I mentioned in a previous post that I am about to use up some of my stock in a mini - AG stout.
I was going to use Wyeast 1056 but, this may be a bit too neutral.
I also have in stock S-23, which I know does a reasonable job with stout & K-97, which I've never used with stout.
I'm a bit inclined to give the K-97 a go but would appreciate any opinions on the matter.
JIM


----------



## Steve (24/8/05)

Jim
I did one recently with W1728 turned out good. Have a Grumpys Belfast Gold in primary with this yeast also. Have also used dry Windsor ale yeast in the past with good results?
Cheers
Steve


----------



## Justin (24/8/05)

I have done a number of stouts with 1056. I think they have turned out fine, actually very nice in fact. I like this yeast and think it gives great results in both pale ales and stouts. Infact some of my best stouts have been with 1056.

If you don't want a neutral yeast then I wouldn't recommend using Saflager S-23. I haven't used it and I haven't fermented it warm but from reports it can be a pretty clean yeast.

I also haven't used K-97 but that is also described as a very clean, neutral ale yeast.
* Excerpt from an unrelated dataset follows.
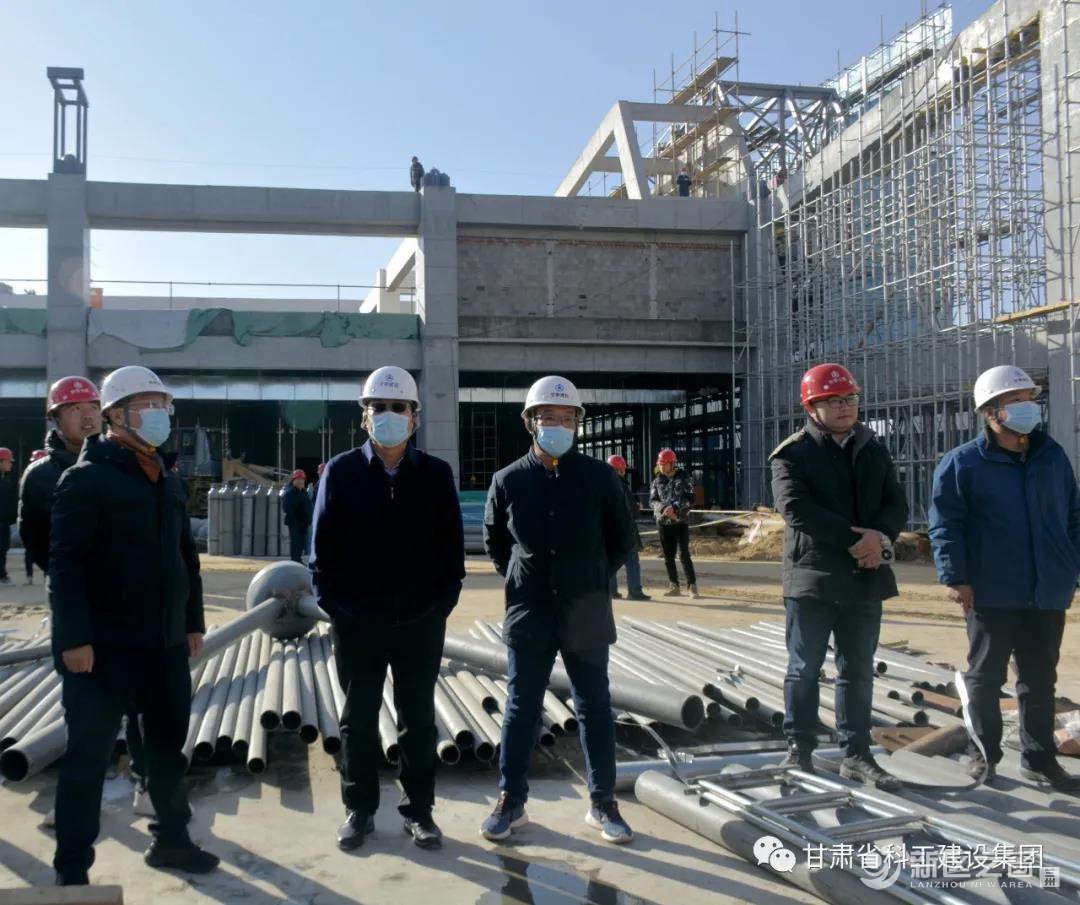 兰州新区高铁南站再传喜讯：大跨度网架第一次提升圆满成功！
So from your selection I don't see a lot of difference between the three, especially if your looking for something with plenty of character. Of those I'd still go 1056 (I will always go liquid over dry), otherwise if time permits I'd grab a 1084 Irish Ale-lovely stout yeast .

Cheers, Justin


----------



## Bilph (24/8/05)

I've never used the K-97 but from hazy memory it's a Kolsch yeast, which generally are fine for stouts.
I've done several stouts with Wyeast 1007 which has some similar characteristics to Kolsch's, and I think 1007 stouts are fantastic.
Go for it.


----------



## Jim - Perth (24/8/05)

Steve
I agree with the 1728 but I'm on a campaign to deplete all existing stock before ordering any fresh so my choice is limited to 1056; S-23 or K-97.
Jim


----------



## warrenlw63 (24/8/05)

Jim,

Recultured Coopers yeast works really nicely in a stout. :beerbang: 

Warren -


----------



## Jim - Perth (24/8/05)

Warren
Does this mean that I will have to force myself to drink some Coopers stout or will the Sparkling ale do?
Jim


----------



## GMK (24/8/05)

1084 is good and i hav edone plenty of stouts with Windsor ale.
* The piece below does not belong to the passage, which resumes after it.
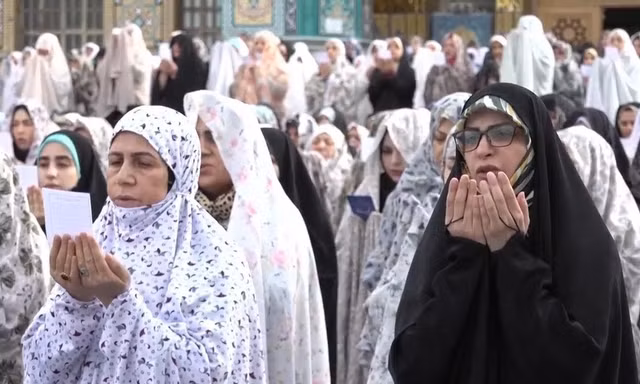 Một lễ cầu nguyện của người Iran. Ảnh: AP.
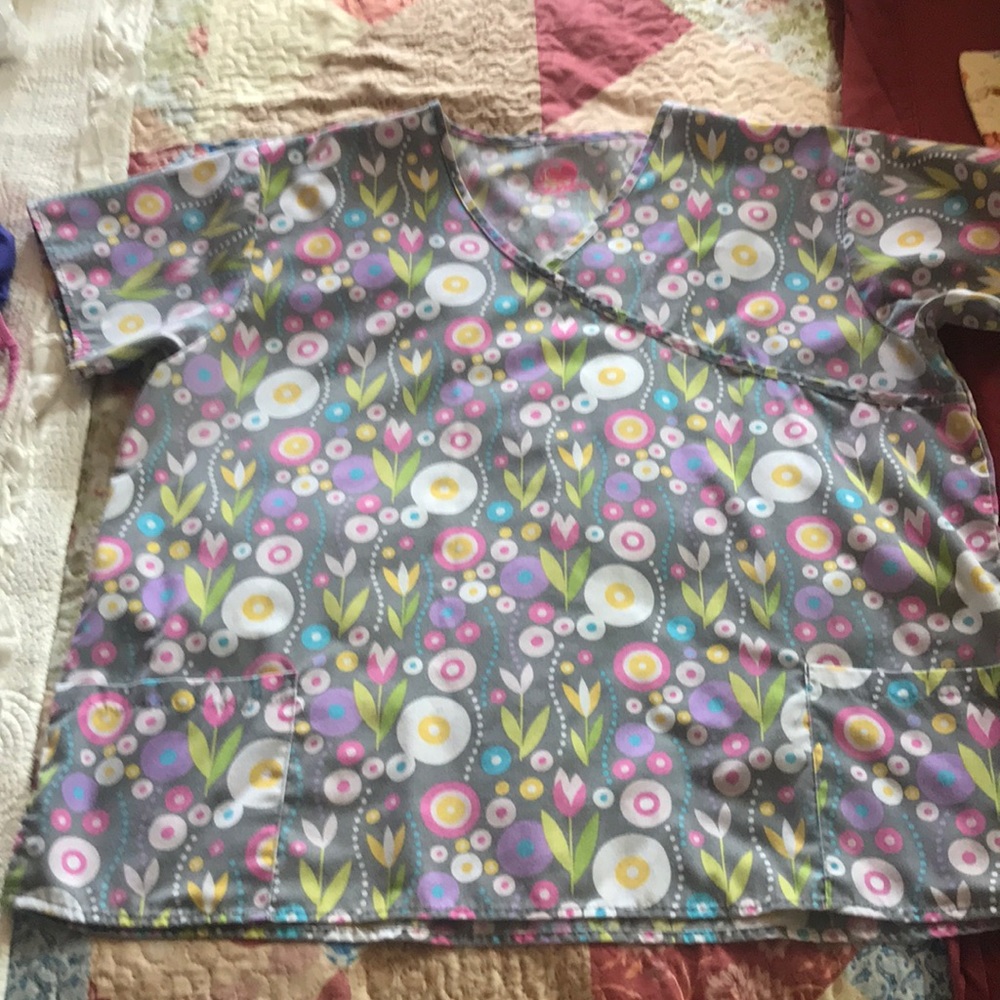 Women’s scrub top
Nottingham is a pretty neutral yeast that accentuates malt characteristics as well.


----------



## SJW (24/8/05)

I am doing the Imperial Vanilla Bourbon Porter tonight using Wyeast 1028 London Ale. But after that is done I am pitching a stout on the yeast cake. Will let u know how it go's.

STEPHEN


----------



## tdh (24/8/05)

Bilph stole my thunder.

1007 stout is brilliant.

tdh


----------



## TidalPete (24/8/05)

SJW said:


> I am doing the Imperial Vanilla Bourbon Porter tonight using Wyeast 1028 London Ale. But after that is done I am pitching a stout on the yeast cake. Will let u know how it go's.
> 
> STEPHEN
> [post="73593"][/post]​



SJW,
I have just done a very nice dry stout with 1028. According to the Ray Daniels book it is to be prefered over the 1084 because of it's higher attenuation, so we must be on the right track. :beerbang: I haven't tried a 1056 yet though.  

:beer:


----------



## PostModern (24/8/05)

Jim - Perth said:


> Warren
> Does this mean that I will have to force myself to drink some Coopers stout or will the Sparkling ale do?
> Jim
> [post="73569"][/post]​



They all use the same yeast. IMHO, the Coopers Best Extra Stout is one of the finest beers brewed in Australia.

I second Warren's advice. The Cooper's yeast is superb for sweet and foreign extra stouts.


----------